### What to work on
Write out the entire listing below exactly as it appears, minus any pictures.

### Dataset excerpt
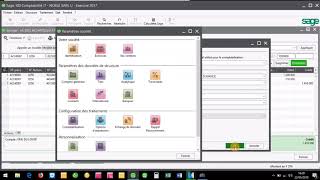 regularisation des charges constatées davance en SAGE Version i7 [upl. by Ogirdor]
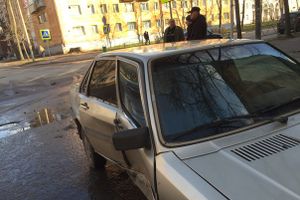 В Великих Луках произошло ДТП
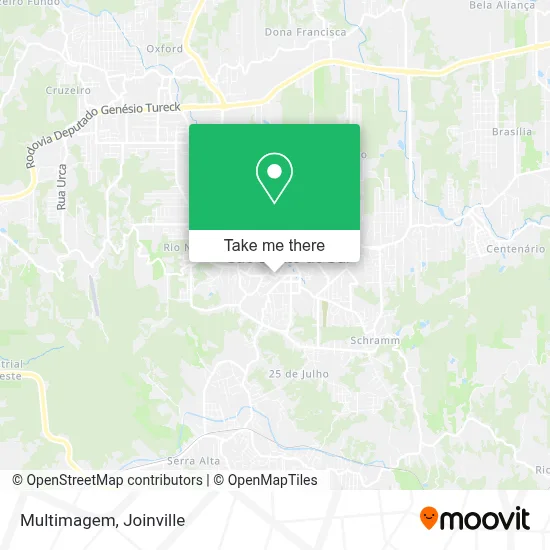 Multimagem map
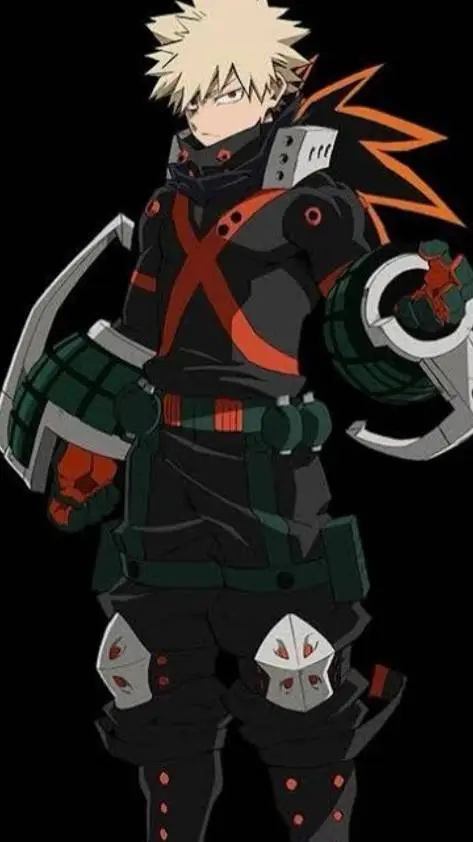 ai character: Bakugo  background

### Response
 regularisation des charges constatées davance en SAGE Version i7 [upl. by Ogirdor]
 В Великих Луках произошло ДТП
 Multimagem map
 ai character: Bakugo  background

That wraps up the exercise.